Baku. 23 January. REPORT.AZ/ Azerbaijan's introduction of capital controls does not automatically have consequences for its stable rating, Report informs, Fitch international ratings agency's report says.
Low debt and substantial external assets still support the rating, the agency's report declares.
The authorities this week imposed a 20-percent tax on some transactions where foreign currency leaves the country.
"The move reflects the challenge of dual policy goals - preserving the value of State Oil Fund of Azerbaijan (SOFAZ) assets, and supporting the currency to maintain price and social stability," the report states.
The measures will support the manat and reduce the pressure on buffers, which are a key strength of Azerbaijan's credit profile, according to the report.
Fitch believes, Azerbaijan's external balance sheet is strong.
'SOFAZ assets were nearly USD35bn, 16 months of the country's total imports, at end-3Q15, but the government may be reluctant to use them to defend the manat as SOFAZ finances around half of the state budget and is also meant as a fund for future generations', the report says.
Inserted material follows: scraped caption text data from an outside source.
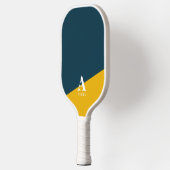 Trendy gepersonaliseerd jeugdig blauw geel ontwerp pickleball paddle (Links)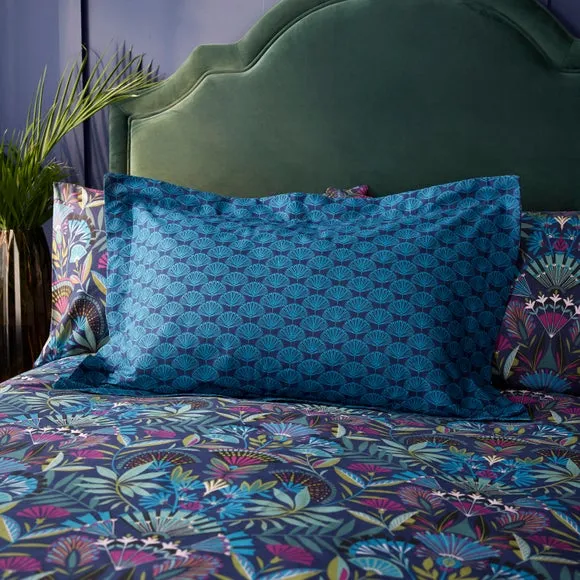 Lucille Navy 100% Cotton Oxford Pillowcase 2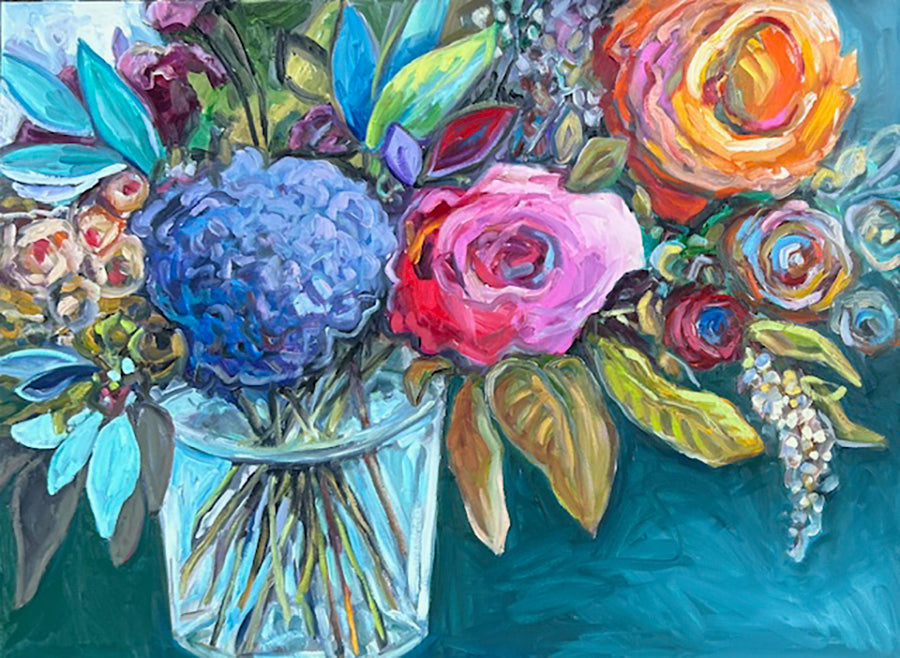 Floral “Daydreaming” by Vanessa Drew – oil on canvas.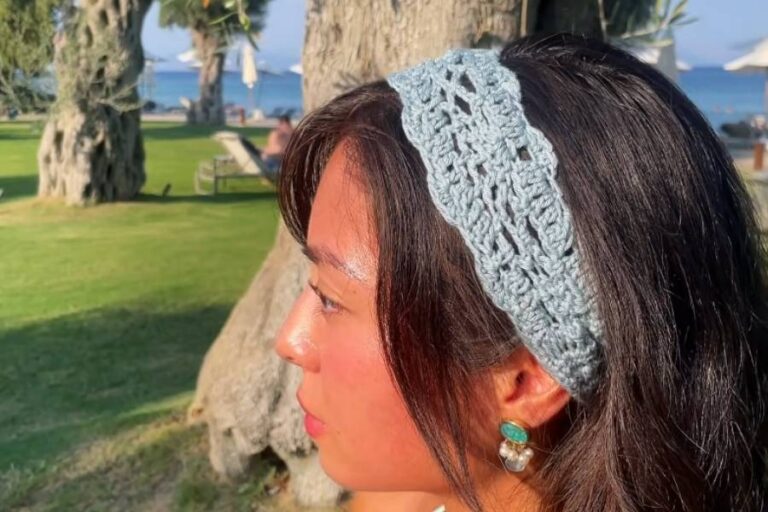 Crochet Flower Lace Headband Pattern for Beginners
'We do not think capital controls will have a material effect on the banking sector due to its already high dollarisation (75% of deposits). Moderate outflows of manat-denominated deposits are possible in anticipation of further depreciation, although the outflow of retail funding in the banking sector in December and January (5%-10% at most rated banks) was manageable because of liquidity buffers', Fitch declares.